This tool provides a microbenchmarking suit to undestand the design of CUDA-capable GPGPUs in handling outstanding memory requests. Refer to [1] to read the methodology.
steps to run the benchmarks:
-
Modify the Makefile and set CUDAHOME to the CUDA root. (notice: $CUDAHOME/bin/nvcc should be valid)
-
Compile OpenACC library (This library is outsourced from IPMACC project):
$ make openacc
-
Modify run_single_config.sh file and set destination CUDA GPU:
GPUARCH=-arch=sm_20
-
optional: modify the run_all_config.sh file and specify the range of threads, loads per threads, and memory patterns.
-
Run run_all_config.sh
$ bash ./run_all_config.sh
raw results will be stored in the log/data*.spc. In each file, each row reports the times measured for certains number of threads. There three independent runs are reported. Eeach run reports the numbers measured by up to 16 concurrent warps.
-
post-process the data and retrieve latency/variance correponding to each thread by running auxil/calcvar.py:
$ python calcvar.py -f log/data_2merged_2loads.spc
-
processed output will be stored at the same location with the suffix of .csv. Plot the data with your favorite visualizing tool, e.g. gnuplot.
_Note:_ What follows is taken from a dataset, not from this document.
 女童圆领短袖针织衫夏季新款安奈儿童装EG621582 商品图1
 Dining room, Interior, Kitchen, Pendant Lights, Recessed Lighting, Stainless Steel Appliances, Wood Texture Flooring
since run_single_config.sh appends the output to the file, it is recommended to clear the last run log before every run (using make clean
command)
Author: Ahmad Lashgar
Affiliation: University of Victoria
Contact: lashgar@uvic.ca
- We assume the cache hierarchy is not blocking.
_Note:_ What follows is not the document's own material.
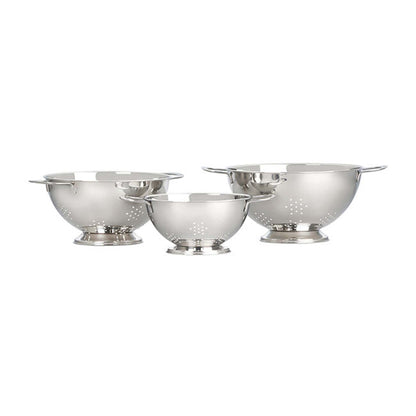 3PC STAINLESS STEEL STACKABLE COLANDER SET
- For GPUs with L2 cache (Fermi and above), all memory requests are served from L2, if the size of data on the GPU DRAM is lower than the cache size. In this case, to conclude the saturation of outstanding memory handling resources, the size of L2 cache must be consider, since some variations in the delay may correspond to L2 cache misses. In our evaluations in [1], we kept the data size always below 560K.
[1] Ahmad Lashgar, Ebad Salehi, and Amirali Baniasadi. Understanding Outstanding Memory Request Handling Resources in GPGPUs. To be appeared in The Sixth International Symposium on Highly Efficient Accelerators and Reconfigurable Technologies (HEART). Boston MA, USA, June 1-2, 2015.